▶ [Activity]: Word for word, set down every line of the entries below from the line with "Mid Century Modern" to the line with "Rodeo Sleeveless Knit", including both, and no other line.

▶ [Entries provided]:
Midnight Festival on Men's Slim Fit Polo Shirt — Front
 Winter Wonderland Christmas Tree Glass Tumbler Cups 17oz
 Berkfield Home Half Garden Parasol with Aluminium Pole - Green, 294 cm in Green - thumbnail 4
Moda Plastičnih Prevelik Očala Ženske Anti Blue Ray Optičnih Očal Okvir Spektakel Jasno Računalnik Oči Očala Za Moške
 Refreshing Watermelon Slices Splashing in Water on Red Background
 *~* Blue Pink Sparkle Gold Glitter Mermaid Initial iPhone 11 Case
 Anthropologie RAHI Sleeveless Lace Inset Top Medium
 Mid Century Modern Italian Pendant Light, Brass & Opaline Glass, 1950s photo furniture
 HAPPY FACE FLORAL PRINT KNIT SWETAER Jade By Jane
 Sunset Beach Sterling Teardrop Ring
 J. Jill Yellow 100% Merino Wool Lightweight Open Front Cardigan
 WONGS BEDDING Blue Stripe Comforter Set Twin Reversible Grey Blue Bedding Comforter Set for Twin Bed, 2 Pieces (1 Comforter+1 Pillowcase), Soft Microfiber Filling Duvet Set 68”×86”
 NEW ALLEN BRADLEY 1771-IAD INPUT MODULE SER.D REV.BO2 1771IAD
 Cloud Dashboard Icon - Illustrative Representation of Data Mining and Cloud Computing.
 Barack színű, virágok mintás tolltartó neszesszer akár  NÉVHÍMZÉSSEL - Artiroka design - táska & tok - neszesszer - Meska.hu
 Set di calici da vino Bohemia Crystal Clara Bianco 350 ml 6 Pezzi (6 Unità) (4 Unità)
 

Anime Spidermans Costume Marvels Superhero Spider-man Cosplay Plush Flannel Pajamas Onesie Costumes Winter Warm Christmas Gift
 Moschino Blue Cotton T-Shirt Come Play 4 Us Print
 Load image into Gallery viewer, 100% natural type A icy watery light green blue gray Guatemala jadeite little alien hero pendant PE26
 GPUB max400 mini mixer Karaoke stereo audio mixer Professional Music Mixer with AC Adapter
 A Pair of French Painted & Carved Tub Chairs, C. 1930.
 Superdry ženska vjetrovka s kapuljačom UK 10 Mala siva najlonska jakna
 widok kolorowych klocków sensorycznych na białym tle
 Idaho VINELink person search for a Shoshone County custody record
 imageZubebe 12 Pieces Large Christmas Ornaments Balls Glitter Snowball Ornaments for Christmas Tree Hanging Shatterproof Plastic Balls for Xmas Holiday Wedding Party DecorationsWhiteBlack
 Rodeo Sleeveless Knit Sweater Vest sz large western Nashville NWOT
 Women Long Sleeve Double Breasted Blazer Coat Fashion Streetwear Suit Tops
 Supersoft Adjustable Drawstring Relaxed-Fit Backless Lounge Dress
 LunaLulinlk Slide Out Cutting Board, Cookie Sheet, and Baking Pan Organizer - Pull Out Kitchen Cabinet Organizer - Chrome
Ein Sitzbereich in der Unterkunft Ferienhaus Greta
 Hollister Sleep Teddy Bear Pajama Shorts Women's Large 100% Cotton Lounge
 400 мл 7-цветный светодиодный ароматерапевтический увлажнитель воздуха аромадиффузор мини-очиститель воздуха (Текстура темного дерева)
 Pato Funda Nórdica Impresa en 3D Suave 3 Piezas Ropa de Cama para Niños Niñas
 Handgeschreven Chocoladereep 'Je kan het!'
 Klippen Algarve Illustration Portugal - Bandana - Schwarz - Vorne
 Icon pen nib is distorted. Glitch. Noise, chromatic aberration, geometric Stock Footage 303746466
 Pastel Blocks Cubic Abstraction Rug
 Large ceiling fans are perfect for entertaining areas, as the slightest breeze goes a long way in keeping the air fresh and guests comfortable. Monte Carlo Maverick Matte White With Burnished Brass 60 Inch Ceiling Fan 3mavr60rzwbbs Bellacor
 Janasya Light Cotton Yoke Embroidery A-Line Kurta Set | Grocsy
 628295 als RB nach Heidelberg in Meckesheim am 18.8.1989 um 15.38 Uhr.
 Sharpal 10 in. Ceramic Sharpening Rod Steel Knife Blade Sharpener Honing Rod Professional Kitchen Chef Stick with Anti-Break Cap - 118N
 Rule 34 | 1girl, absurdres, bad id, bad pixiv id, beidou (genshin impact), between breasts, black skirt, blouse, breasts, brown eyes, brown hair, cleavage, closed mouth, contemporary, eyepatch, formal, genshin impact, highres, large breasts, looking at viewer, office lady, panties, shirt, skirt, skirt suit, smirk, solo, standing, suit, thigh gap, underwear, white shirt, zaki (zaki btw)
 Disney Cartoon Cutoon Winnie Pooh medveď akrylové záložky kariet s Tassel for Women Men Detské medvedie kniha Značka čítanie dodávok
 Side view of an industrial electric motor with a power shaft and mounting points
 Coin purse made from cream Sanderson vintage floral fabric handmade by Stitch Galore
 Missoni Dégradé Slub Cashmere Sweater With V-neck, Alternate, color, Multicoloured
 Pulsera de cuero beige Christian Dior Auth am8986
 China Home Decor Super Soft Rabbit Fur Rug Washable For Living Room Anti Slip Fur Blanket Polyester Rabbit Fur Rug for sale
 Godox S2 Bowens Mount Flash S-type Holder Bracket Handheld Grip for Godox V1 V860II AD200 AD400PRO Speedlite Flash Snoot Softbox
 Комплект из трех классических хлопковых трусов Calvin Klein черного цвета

▶ [Written response]:
 Mid Century Modern Italian Pendant Light, Brass & Opaline Glass, 1950s photo furniture
 HAPPY FACE FLORAL PRINT KNIT SWETAER Jade By Jane
 Sunset Beach Sterling Teardrop Ring
 J. Jill Yellow 100% Merino Wool Lightweight Open Front Cardigan
 WONGS BEDDING Blue Stripe Comforter Set Twin Reversible Grey Blue Bedding Comforter Set for Twin Bed, 2 Pieces (1 Comforter+1 Pillowcase), Soft Microfiber Filling Duvet Set 68”×86”
 NEW ALLEN BRADLEY 1771-IAD INPUT MODULE SER.D REV.BO2 1771IAD
 Cloud Dashboard Icon - Illustrative Representation of Data Mining and Cloud Computing.
 Barack színű, virágok mintás tolltartó neszesszer akár  NÉVHÍMZÉSSEL - Artiroka design - táska & tok - neszesszer - Meska.hu
 Set di calici da vino Bohemia Crystal Clara Bianco 350 ml 6 Pezzi (6 Unità) (4 Unità)
 

Anime Spidermans Costume Marvels Superhero Spider-man Cosplay Plush Flannel Pajamas Onesie Costumes Winter Warm Christmas Gift
 Moschino Blue Cotton T-Shirt Come Play 4 Us Print
 Load image into Gallery viewer, 100% natural type A icy watery light green blue gray Guatemala jadeite little alien hero pendant PE26
 GPUB max400 mini mixer Karaoke stereo audio mixer Professional Music Mixer with AC Adapter
 A Pair of French Painted & Carved Tub Chairs, C. 1930.
 Superdry ženska vjetrovka s kapuljačom UK 10 Mala siva najlonska jakna
 widok kolorowych klocków sensorycznych na białym tle
 Idaho VINELink person search for a Shoshone County custody record
 imageZubebe 12 Pieces Large Christmas Ornaments Balls Glitter Snowball Ornaments for Christmas Tree Hanging Shatterproof Plastic Balls for Xmas Holiday Wedding Party DecorationsWhiteBlack
 Rodeo Sleeveless Knit Sweater Vest sz large western Nashville NWOT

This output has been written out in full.